I'm talking about the pastor eruptions involving John Hagee and Rod Parsley.
Columnist Robert Novak wrote this week: "While the McCain campaign feels it has secured the party's conservative base, we feel that is not the case ... The McCain problem here is that he does not recognize that he has a problem."
If you doubt that McCain does indeed have a problem, just look at the Intrade.com contracts. These are futures contracts in which private investors can purchase "bets" on political contests.The value of a contract at any point in time reflects the market's probability assessment of the outcome of that contest. A contract trading 70 cents on the dollar on Candidate A means that the market is giving Candidate A that same 70 percent chance of winning.

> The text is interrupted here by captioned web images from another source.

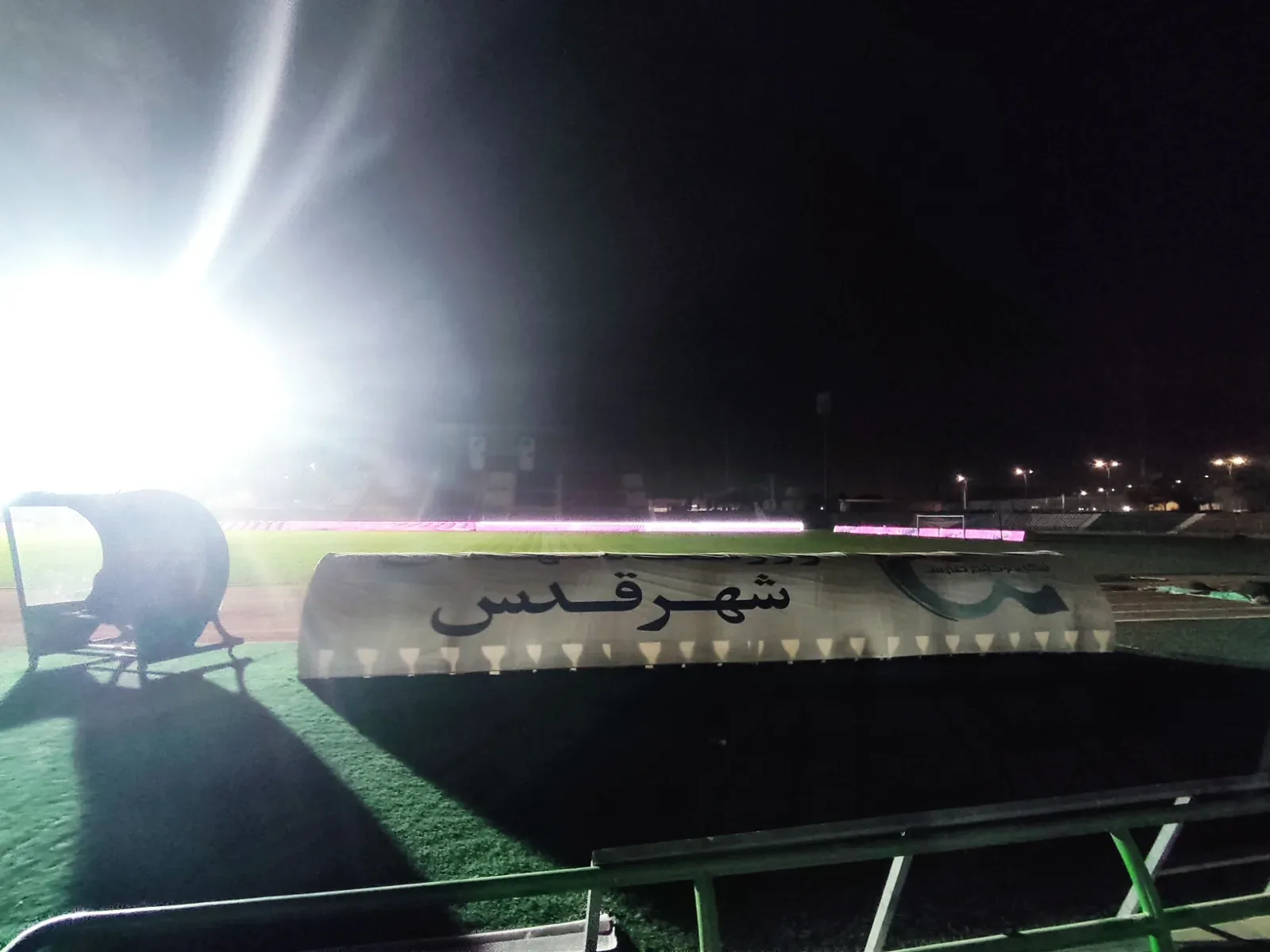 تصویرِ گالریِ شرکت کامرانی پارس تأسیسات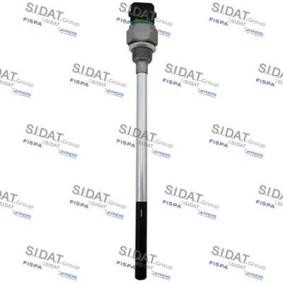 Acquista Sensore, Livello olio motore da SIDAT 82.2221 a buon mercato per soli 109,22 €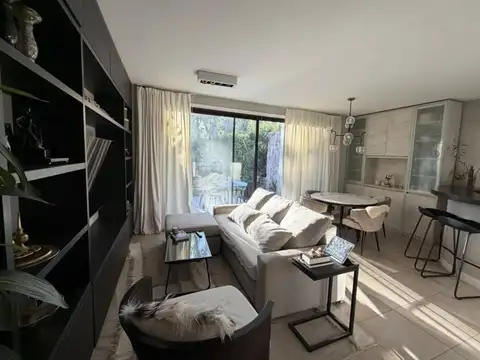 Departamento en Alquiler de 2 ambientes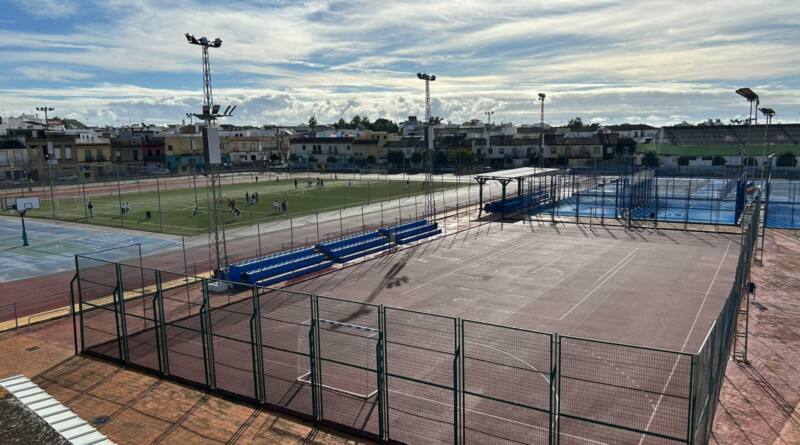 La LOPIVI llega a Mairena del Alcor de forma pionera para proteger más la práctica deportiva de la infancia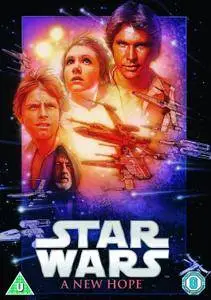 Star Wars: Episode IV - A New Hope (1977)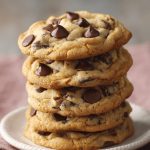 Nestle Chocolate Chip Cookie Recipe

Because the volume of trading is large and individuals are putting up their own cash, these contracts are proving to be more accurate predictors than polls. They predicted the outcome of every Senate race in 2006 and called 49 out of 50 states correctly in the 2004 presidential election.
As of this writing, Intrade.com contracts are showing a 58 percent chance of Obama winning the presidency and a 38 percent chance of a McCain victory.
I'd say that McCain has got problems. What are they?
There's a long list. But one big one, in my view, is Novak's observation that McCain's conservative base is mush. I'd qualify this to say his evangelical Christian base, 78 percent that supported President Bush in 2004.
Was it accidental that the same day McCain disassociated himself from John Hagee, a point and a half was shaved off his Intrade.com contract?
The flak about John Hagee comes from a sermon the pastor gave years ago, recently aired on some left wing websites, including the widely read Huffington Post. In the sermon, Pastor Hagee interprets Hitler as the "hunter," in the language of a prophecy of Jeremiah that drove the Jews back to Israel.
No sooner had the left wing blogosphere entered orgiastic ecstasy with the discovery of what, for them, was inflammatory and damning material against Hagee, than John McCain's hands went up in surrender. He said he was not aware of the sermon when he accepted Hagee's endorsement and now says "No, thank you, you can have it back, sir."